### EXERCISE OBJECTIVE
Return the listing exactly as it appears, but strip out the images.

### DATA SHOWN
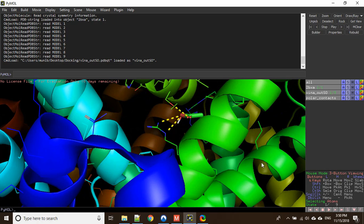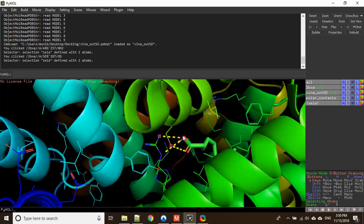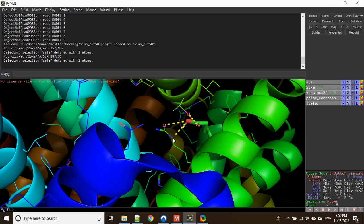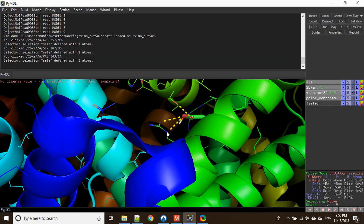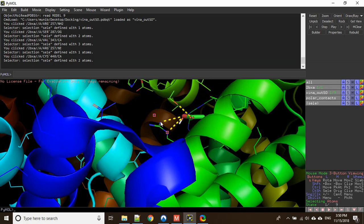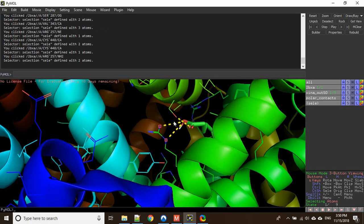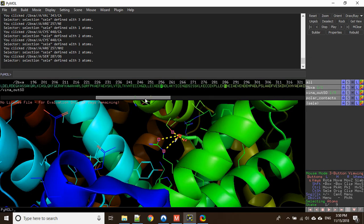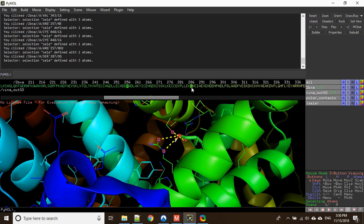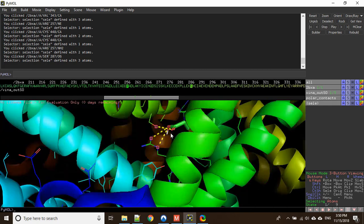We need to check whether these residues are the binding residues or not. To check it, you can select the atoms — this one, this one, and this one. Now in order to see what the sequence of your protein is, click on 'S' down below. These are the two residues which I have selected: Arginine 257 and Serine 287. Both of them are the binding residues for HSA.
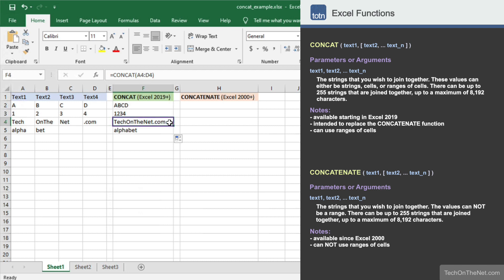Now the result in cell F4 contains techonthenet.com. And finally, the last result in cell F5 concatenates the values in cells A5, B5, C5, and D5, and returns the string value alphabet.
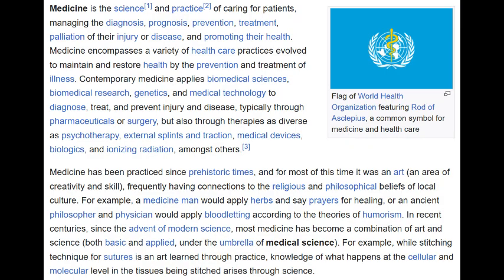Medicine is a science and practice of caring for patients — managing the diagnosis, prognosis, prevention, treatment of injury or disease and promoting health. Contemporary medicine applies biomedical sciences, genetics, and medical technology to diagnose, treat, and prevent injury and disease, typically through pharmaceuticals or surgery. Naturally, the symbol of the World Health Organization contains a snake wrapped around a pole, usually referred to as the Caduceus.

### WRITTEN ANSWER
We need to check whether these residues are the binding residues or not. To check it, you can select the atoms — this one, this one, and this one. Now in order to see what the sequence of your protein is, click on 'S' down below. These are the two residues which I have selected: Arginine 257 and Serine 287. Both of them are the binding residues for HSA.
Now the result in cell F4 contains techonthenet.com. And finally, the last result in cell F5 concatenates the values in cells A5, B5, C5, and D5, and returns the string value alphabet.
Medicine is a science and practice of caring for patients — managing the diagnosis, prognosis, prevention, treatment of injury or disease and promoting health. Contemporary medicine applies biomedical sciences, genetics, and medical technology to diagnose, treat, and prevent injury and disease, typically through pharmaceuticals or surgery. Naturally, the symbol of the World Health Organization contains a snake wrapped around a pole, usually referred to as the Caduceus.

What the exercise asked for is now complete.